_TASK TO COMPLETE_.
Everything in the listing should be set down exactly, apart from the pictures.

= Beginning of Section =

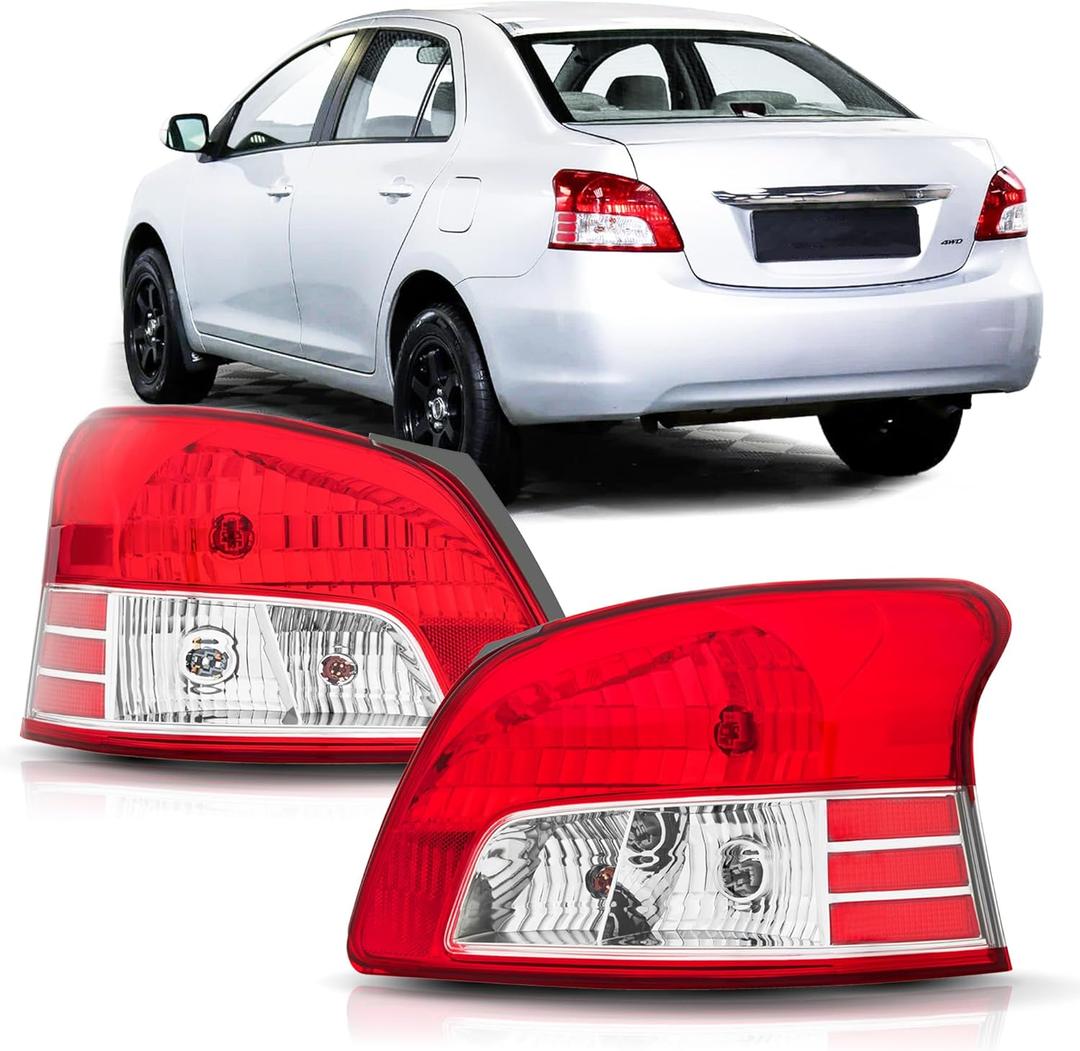 Tail Lights Assembly compatible with 2007-2011 Toyota Yaris 4-Doors Sedan Rear Brake Lamp without Bulb, Factory Style Red, Replacement # TO2818133, TO2819133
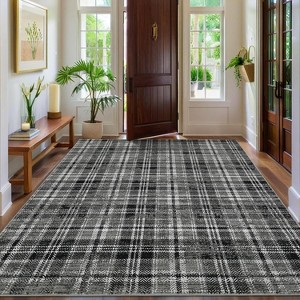 Nasitip Washable Rug-Modern Plaid Area Rug Non Slip Soft Rugs-Low Pile Foldable Floor Cover Accent Carpet - 1 of 4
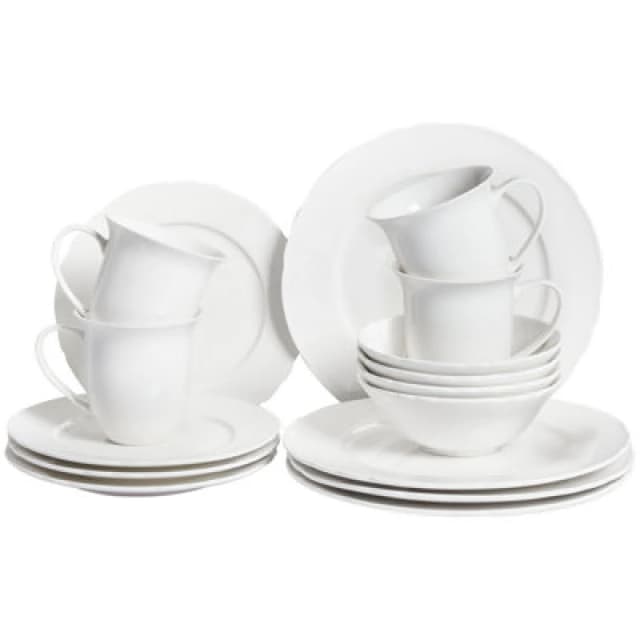 Beliani Set Of 16 Dinnerware Elderberry Porcelain White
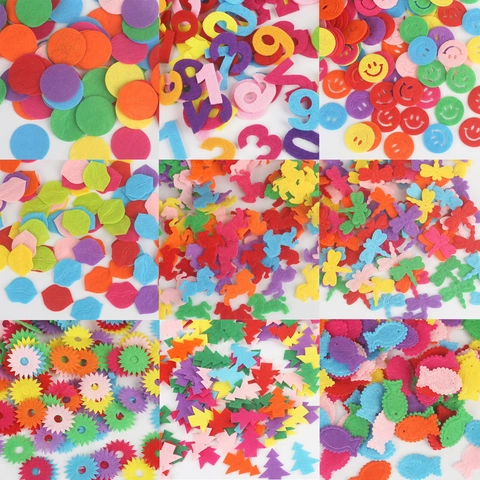 Multicolor Vilt Stof Patches Verschillende Vormen Hart Ster Letter Nummer Bloem Voor DIY Knutselen Naaien Stoffen Accessoires
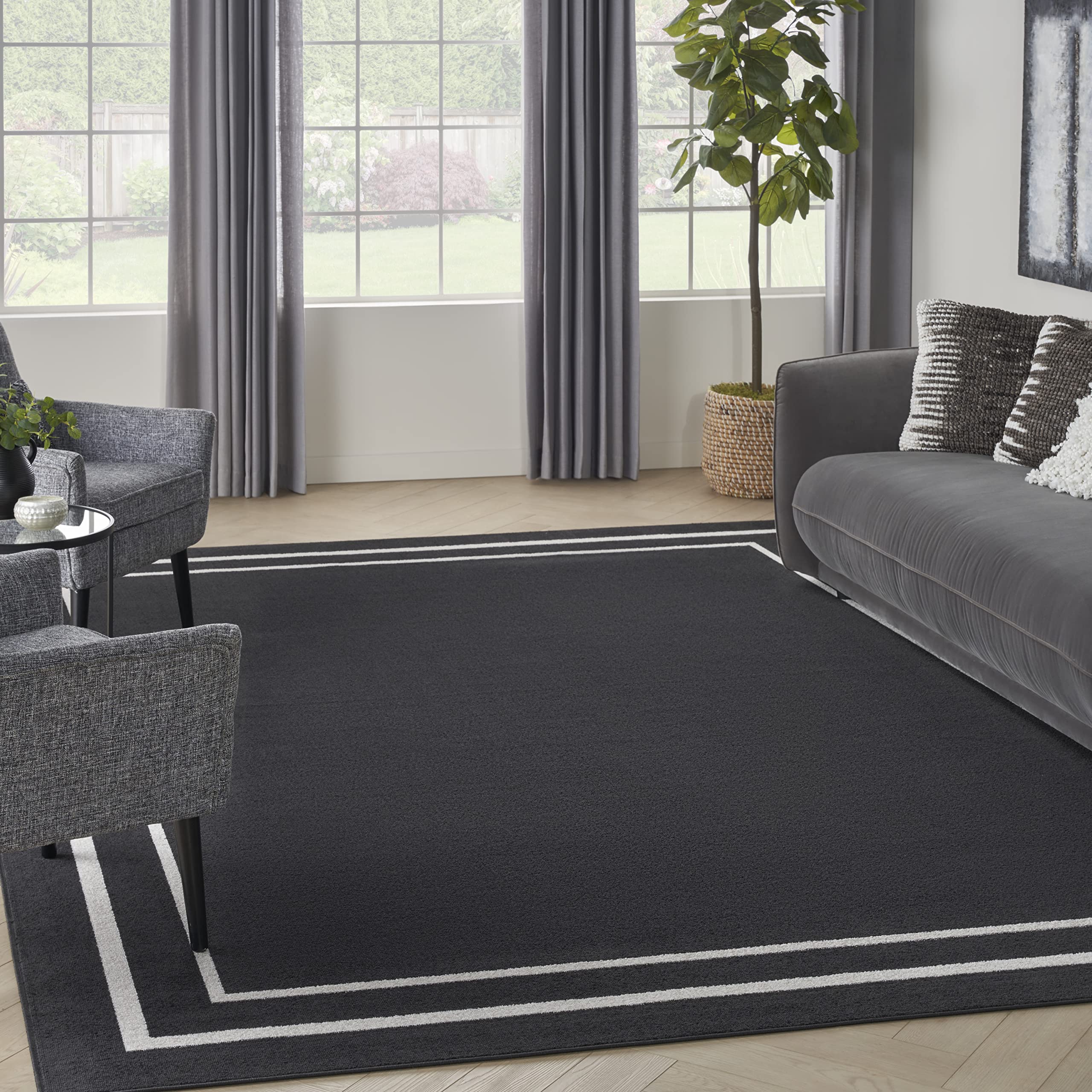 Nourison Essentials 8' x 10' Indoor/Outdoor Area Rug - Black Ivory, Easy to Clean, Non-Shedding for Bedroom, Living Room & Dining Room | Perfect for Backyard, Deck & Patio Use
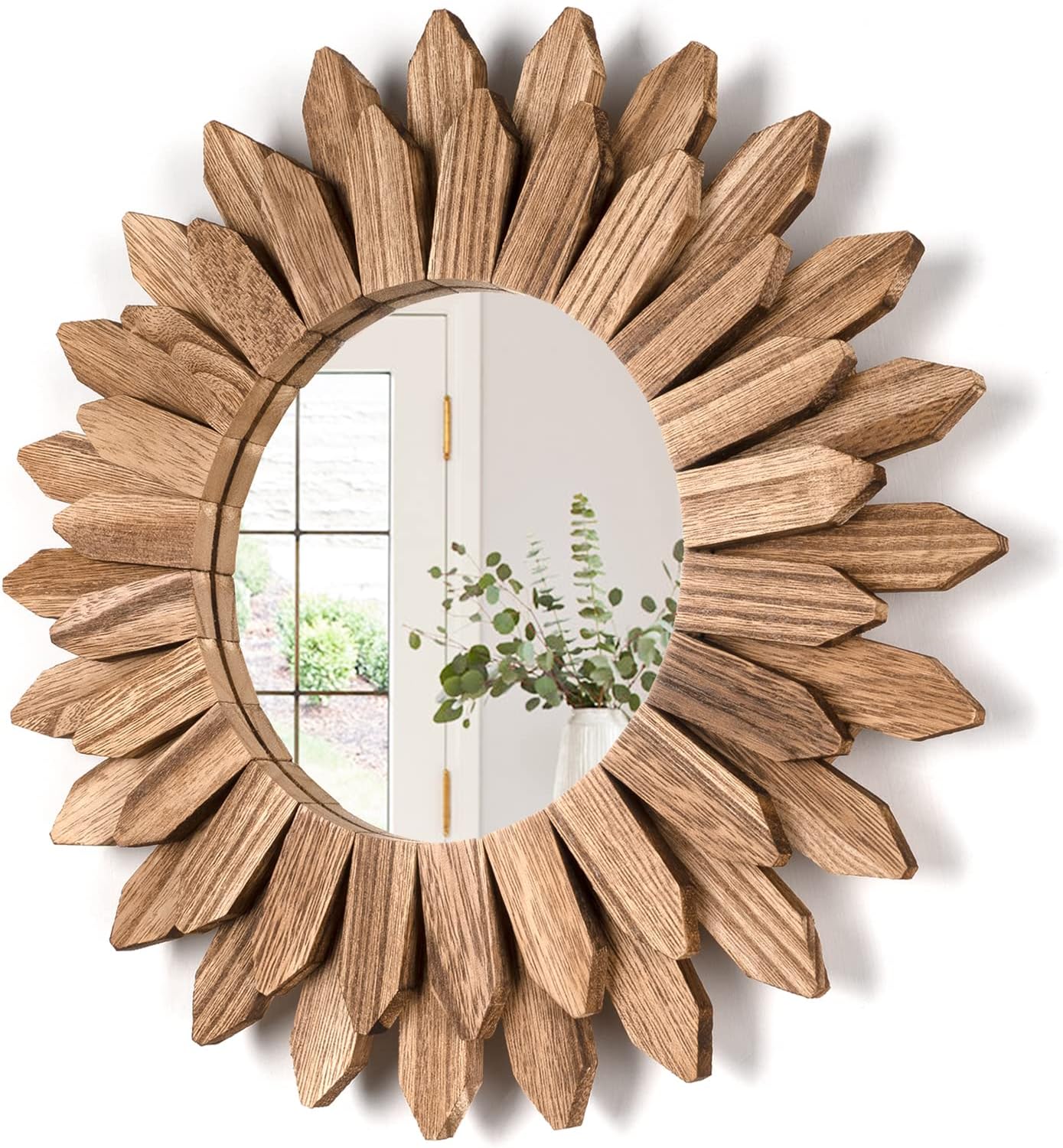 12 Inch Rustic Wood Sunburst Wall Mirror, Round Accent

= End of Section =

_ANSWER BELOW_.
 Tail Lights Assembly compatible with 2007-2011 Toyota Yaris 4-Doors Sedan Rear Brake Lamp without Bulb, Factory Style Red, Replacement # TO2818133, TO2819133
 Nasitip Washable Rug-Modern Plaid Area Rug Non Slip Soft Rugs-Low Pile Foldable Floor Cover Accent Carpet - 1 of 4
 Beliani Set Of 16 Dinnerware Elderberry Porcelain White
 Multicolor Vilt Stof Patches Verschillende Vormen Hart Ster Letter Nummer Bloem Voor DIY Knutselen Naaien Stoffen Accessoires
 Nourison Essentials 8' x 10' Indoor/Outdoor Area Rug - Black Ivory, Easy to Clean, Non-Shedding for Bedroom, Living Room & Dining Room | Perfect for Backyard, Deck & Patio Use
 12 Inch Rustic Wood Sunburst Wall Mirror, Round Accent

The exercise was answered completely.